Профессор Вольский командовал институтом более двадцати лет. Лысоватый, голубоглазый и курносый, капризный и своенравный, он немного напоминал царя Павла Первого. При его маленьком дворе царил дух беспрекословия и услаждающей лести. В этой атмосфере фаворитизма хорошо жил тот, кто приспособился к характеру властелина — сегодня безгранично подозрительного, а завтра до наивности бесхитростного, но всегда злопамятного Виктора Вацлавовича. Используя подходящий момент, его подчиненные выхлопатывали новую должность, заграничную командировку или иную привилегию. На безусловные привилегии всегда могли рассчитывать те ученые и неученые дамы, которые не сопротивлялись огневой мощи артиллерийской батареи.

Неизменной фавориткой, постоянной советчицей и несменяемой секретаршей нашего директора была Клара Ивановна Пролыгина.

Клара Ивановна — женщина примечательная во всех отношениях. Прежде всего — внешне. На самом верху — приветливая скуластая рожица со вздернутым носиком и круглыми, небесного цвета глазами в обрамлении пышных перманентно-черных волос. Ниже — две крупногабаритные округлости и тонкая талия. Еще ниже — еще более внушительные полушария, а в целом — объемная, сдобная виолончель, удивительно легко порхавшая на каблуках-шпильках из приемной в кабинет директора и обратно.

Клара Ивановна была, безусловно, неглупым созданием.
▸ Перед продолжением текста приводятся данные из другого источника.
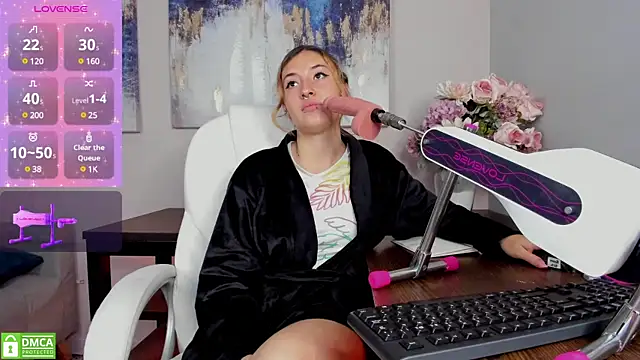 chubby vanniie  online show from January 25, 1:41 pm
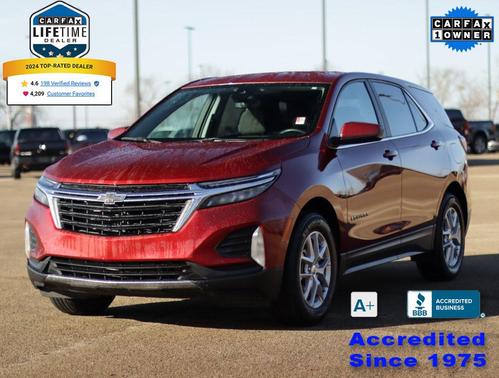 2024 Chevrolet Equinox 1LT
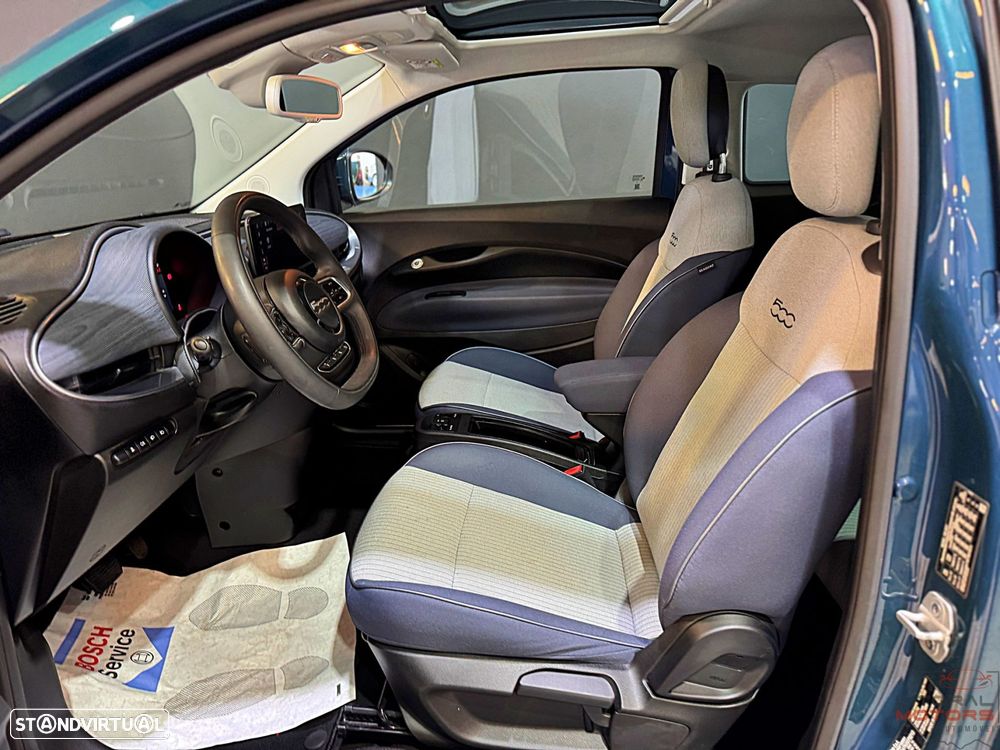 Fiat 500e 42kWh ICON - 15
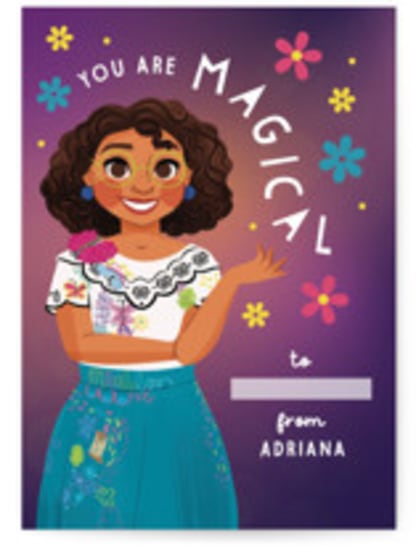 A Magical Friend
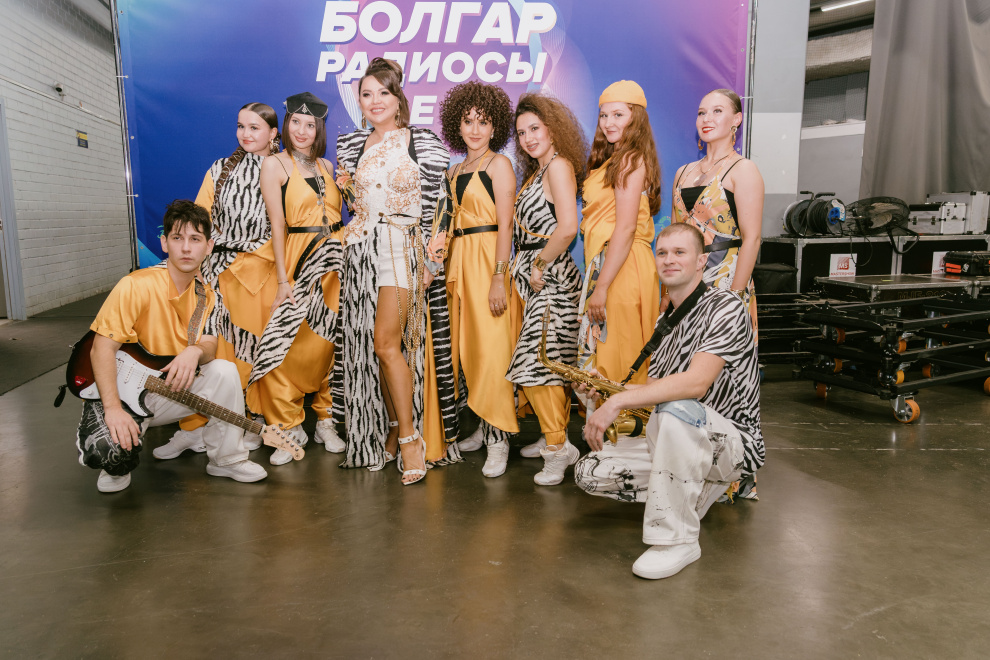 «Болгар радиосы» ФЕСТ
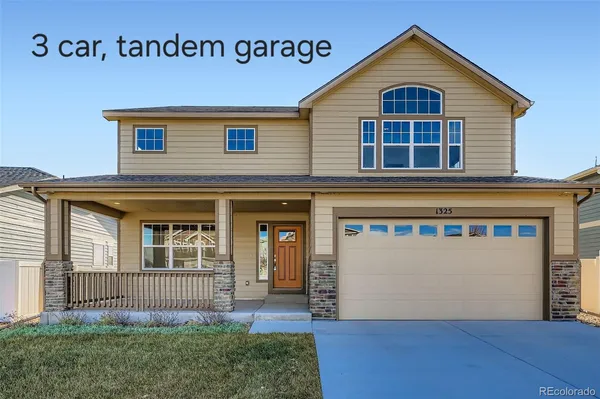 $624,500 | 1325 Tipton Street, Berthoud, CO 80513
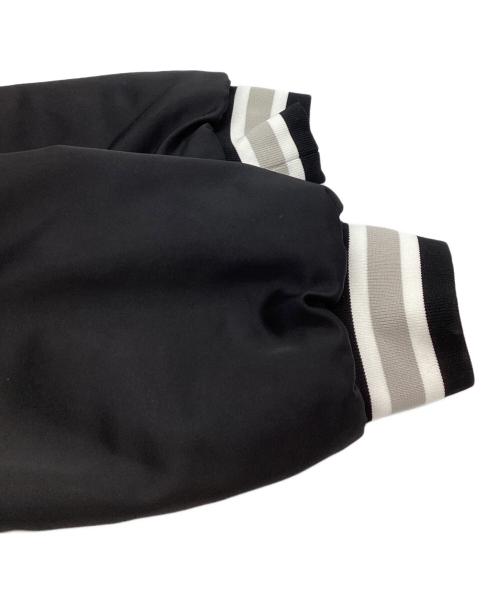NIKE（ナイキ）NIKE (ナイキ) AS M NK AU SATIN DUGOUT JKT / DX0659-010 ブラック サイズ:XXLの古着・服飾アイテム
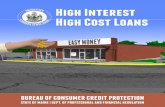 2016 High Interest-High Cost Loans comp.pub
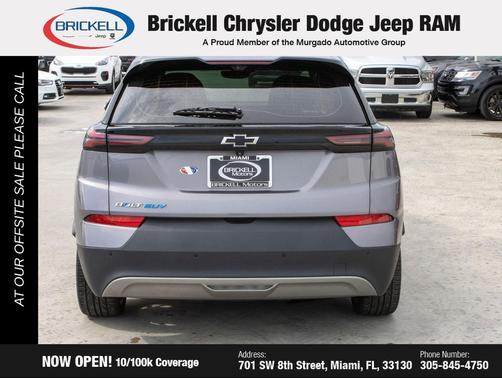 2023 Chevrolet Bolt EUV FWD Premier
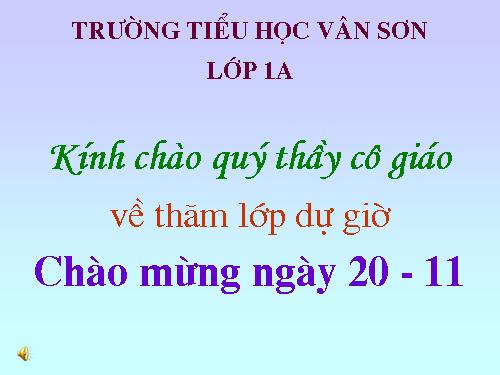 Phép cộng trong phạm vi 5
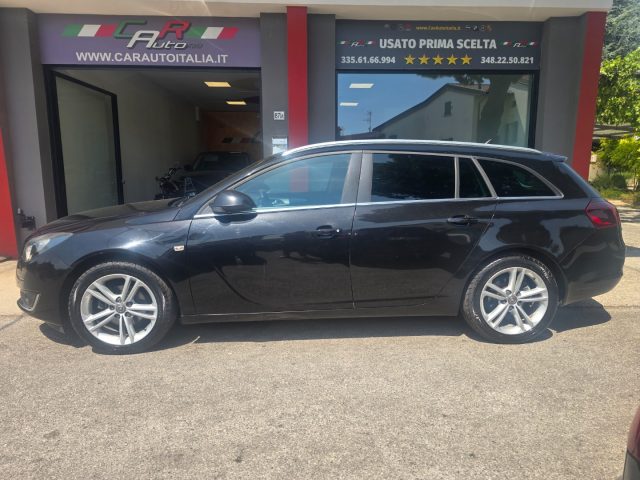 OPEL Insignia usata, con Filtro antiparticolato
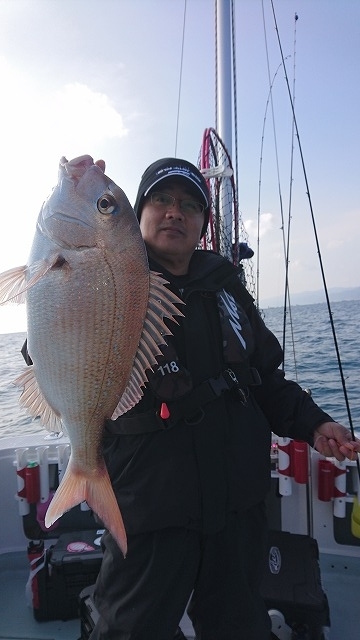 フィッシングボートACE（エース） 釣果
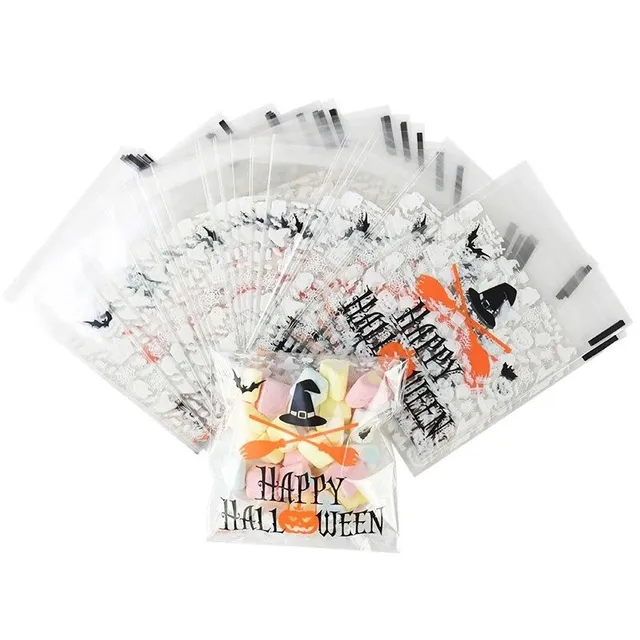 Halloween gift bags 50 pcs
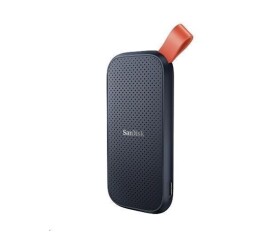 SanDisk externí SSD 2TB Portable, USB 3.2 Gen 2, Type-C EDF_493460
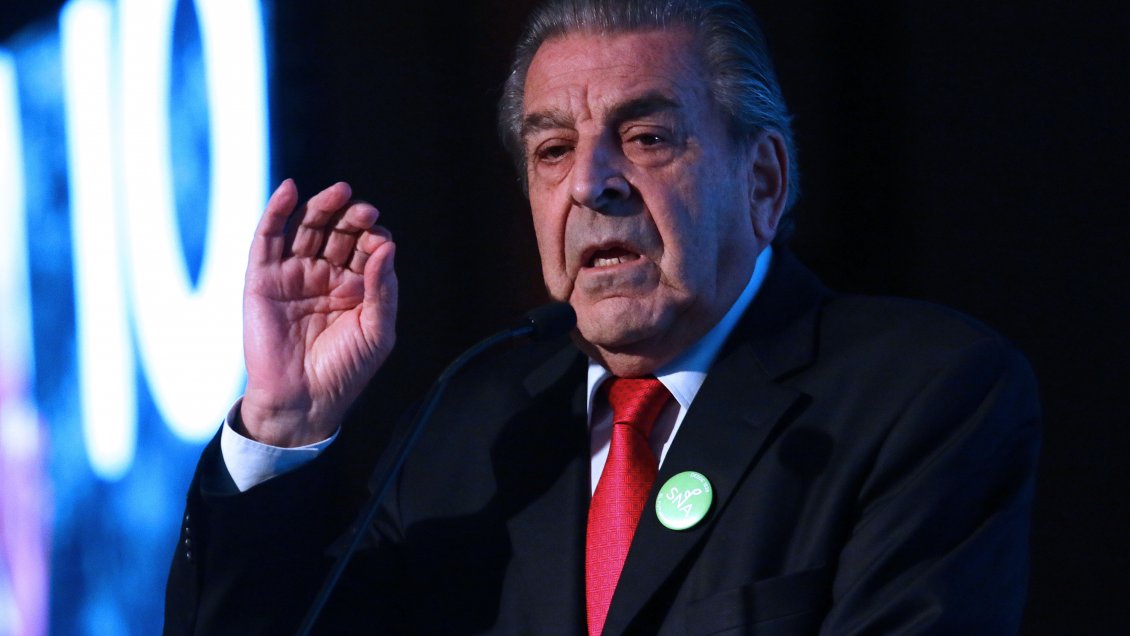 Eduardo Frei anunció que votará A Favor Eduardo Frei anunció que votará A Favor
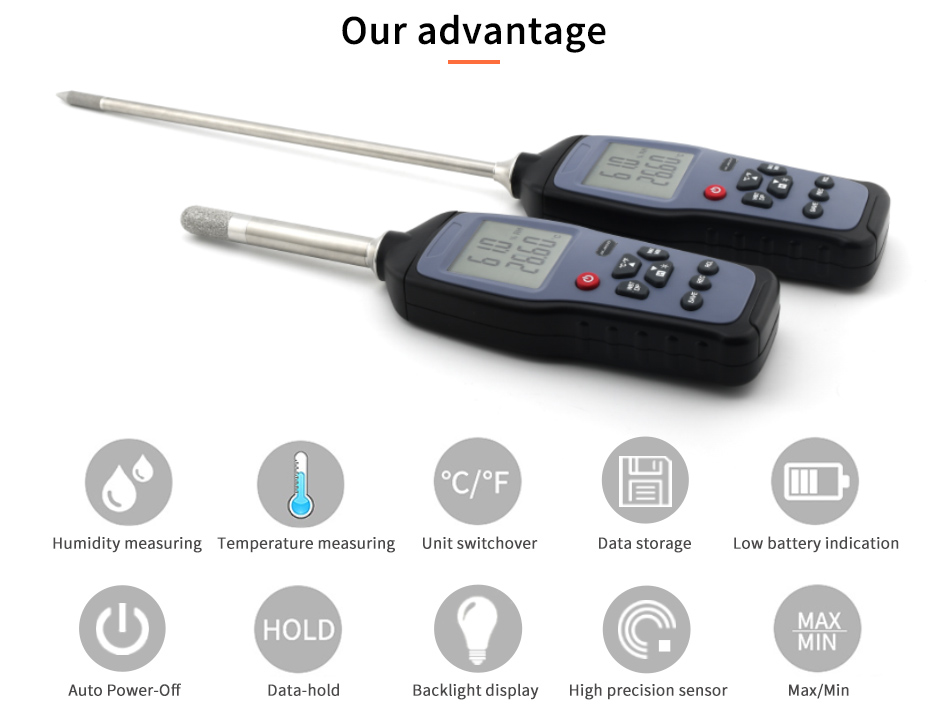 Handheld Temperatur a Fiichtegkeet Meter Detail Page_04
Поначалу и не скажешь, что это радушное существо — мастер тонкой интриги и расчетливый человек, который мог тут же проложить дорогу к Вольскому, а мог надолго, если не навсегда, отодвинуть всякого в сторонку от дверей его кабинета.

У Клары Ивановны были свои временщики-любимицы и любимцы. Возле ее большого стола вилась то одна, то другая младшая научная сотрудница или восседал — вовсе даже не из корыстных побуждений — кто-либо из ученых мужей. Одно время молодой долговязый профессор Глинкин Анатолий Николаевич часто сиживал рядом с ней на стуле, положив ногу за ногу в блаженном неведении, что взору всех любопытных открывалась голубая полоска кальсон, выглядывавшая из-под брючины. Другие поклонники, бывало, часами сидели на диване перед ее столом и не скучали.

Мы с Кларой Ивановной относились друг к другу вполне дружелюбно, хотя и несколько настороженно.

С самого начала меня определили в отдел социальных проблем, к молодому доктору наук Шульговскому, одному из тех колоритных и редких экземпляров ученых, кто искренне влюблен в науку. Если, конечно, можно назвать наукой социологические построения в узких рамках марксистско-ленинского учения. Много лет спустя, с началом Перестройки, фундаментальный труд Шульговского и плод почти всей его научной жизни, толстенный фолиант с анализом военных доктрин и теоретическим прогнозом политики стран Латинской Америки утратил всякое практическое значение и, по сути, оказался в корзинке. Видимо, это послужило одной из причин его ранней кончины.

А тогда, в начале 60-х, грандиозный Анатолий Федорович, закатывая вверх светлые выпуклые глаза и громко шморгая носом, изрекал на заседаниях дирекции истины и выдвигал идеи, которые всегда одобрялись руководством и получали дальнейшее развитие в научных работах сотрудников его отдела.

Объектом моих забот Шульговский сделал систему высшего образования и студенческое движение в Латинской Америке. Это было все же интереснее, чем изучать рабочее движение или оптимистически оценивать роль тамошних компартий. Впрочем, вектор исследований был одним и тем же. Мне было поручено выявить пагубное воздействие империализма США на развитие национальных латиноамериканских вузов и, как следствие этого, показать подъем сопротивления студентов нажиму империалистов.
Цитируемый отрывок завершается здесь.